We cannot develop and maintain the infrastructure that makes the surveillance state possible, combine it with a hierarchical political system, and then expect that those in power will restrain themselves from making use of these tools for less than noble purposes. It is a naïve but pervasive notion that technologies are neutral (“Guns don’t kill people—people do.” “Surveillance technologies don’t snoop…”).
Furthermore, we cannot rely entirely on a steady stream of heroic disclosures such as those of Edward Snowden and Bradley Manning in order to consistently rectify wrongs. Manning has already been tortured and is now a character in a show trial. Snowden is intelligent enough to know that he will be pursued and may very well suffer a similar fate (“I understand that I will be made to suffer for my actions, and that the return of this information to the public marks my end,” Source) And yet, will these self-sacrificing efforts suffice to bring down the surveillance state? They may briefly pull back the curtain allowing those who take the time to look up from the screens on their phones to glimpse what is happening but then what?
Note that this is not intended to discount the importance of people like Manning and Snowden; rather, it’s simply to note that whistleblowers provide information at great cost to themselves in hopes that the public will then take action. They cannot right wrongs single handedly.
The technology that makes global spying possible cannot exist alongside personal privacy. The presence of policy, guidelines, laws, whistleblowers, and even Constitutional amendments does not change this fact.
The potentially uncomfortable aspect of this is that there is significant overlap between the technology that makes the surveillance state possible and the technology that makes the average Western consumer lifestyle possible. The amount of overlap is almost certainly a matter of speculation given that the capabilities of the surveillance state are by their nature not clearly understood. But it does not seem to be unreasonable conjecture to suggest that any society with technology sufficiently advanced to produce iPhones and Google Glasses will be a surveillance state.
Ross Douthat—paraphrasing security expert Bruce Schneier—wrote that “it isn’t that the Internet has been penetrated by the surveillance state; it’s that the Internet, in effect, is a surveillance state.” But neither Douthat nor Schneier follow this important point to its logical conclusion.
Douthat suggests that likening our current surveillance state to totalitarian states of the 20th century is: “useful for teasing out how authoritarian regimes will try to harness the Internet’s surveillance capabilities, but America isn’t about to turn into East Germany with Facebook pages.”

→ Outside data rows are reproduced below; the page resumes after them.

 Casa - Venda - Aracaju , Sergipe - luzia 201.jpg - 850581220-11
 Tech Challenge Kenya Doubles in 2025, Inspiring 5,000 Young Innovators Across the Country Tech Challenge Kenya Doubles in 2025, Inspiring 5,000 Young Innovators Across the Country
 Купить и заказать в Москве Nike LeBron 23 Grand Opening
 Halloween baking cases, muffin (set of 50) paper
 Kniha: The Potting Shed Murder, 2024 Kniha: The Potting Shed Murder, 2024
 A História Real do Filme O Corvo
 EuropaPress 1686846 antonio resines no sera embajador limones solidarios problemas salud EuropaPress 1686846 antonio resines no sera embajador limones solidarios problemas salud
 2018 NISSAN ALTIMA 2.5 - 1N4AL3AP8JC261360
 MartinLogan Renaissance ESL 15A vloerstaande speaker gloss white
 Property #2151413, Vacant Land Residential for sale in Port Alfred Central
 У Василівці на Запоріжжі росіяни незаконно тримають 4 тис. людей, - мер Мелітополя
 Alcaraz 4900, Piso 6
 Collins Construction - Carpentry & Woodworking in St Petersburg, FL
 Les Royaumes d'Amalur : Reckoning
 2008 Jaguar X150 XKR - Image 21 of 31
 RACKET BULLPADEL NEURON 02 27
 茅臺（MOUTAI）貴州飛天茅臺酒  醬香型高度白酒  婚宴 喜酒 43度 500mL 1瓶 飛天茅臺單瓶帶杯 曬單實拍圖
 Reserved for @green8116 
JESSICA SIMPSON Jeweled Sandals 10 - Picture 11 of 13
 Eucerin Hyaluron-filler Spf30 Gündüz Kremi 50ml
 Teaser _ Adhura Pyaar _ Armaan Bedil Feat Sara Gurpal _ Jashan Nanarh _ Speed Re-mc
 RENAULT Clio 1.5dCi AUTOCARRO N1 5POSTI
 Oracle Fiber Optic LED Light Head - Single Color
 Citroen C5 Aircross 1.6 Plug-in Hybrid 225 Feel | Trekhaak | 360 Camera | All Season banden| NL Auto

Douthat’s concern about the surveillance state is decidedly mixed. He acknowledges that “radicalism and protest will seem riskier, paranoia will be more reasonable, and conspiracy theories will proliferate.” But continues by saying that since “genuinely dangerous people will often be pre-empted or more swiftly caught, the privacy-for-security swap will seem like a reasonable trade-off to many Americans — especially when there is no obvious alternative short of disconnecting from the Internet entirely.” He does not explicitly state whether or not he finds this to be a “reasonable trade-off”.
Schneier recognizes that these concerns cannot be addressed by the free market but suggests that instead “strong government will” is necessary (even while he knows it’s lacking) and he laments that “no one is agitating for better privacy laws.” But a state that is willing to torture whistleblowers is unlikely to feel constrained by privacy laws. As Edward Snowden has said of his co-workers at the NSA: “they do not defend due process – they defend decisive action. They say it is better to kick someone out of a plane than let these people have a day in court. It is an authoritarian mindset in general.”
The crux of what I am saying that is we cannot legislate our way out of this mess. Passing policy cannot square circles and it cannot create a society that has both surveillance state technologies and personal privacy. The information provided by whistleblowers is incredibly valuable but if it only results in new guidelines and perhaps a congressional investigation then its importance has been squandered. Literal dismantling is required and not simply symbolic tinkering. So long as the technology exists, it will be employed for the ends that it is currently being employed.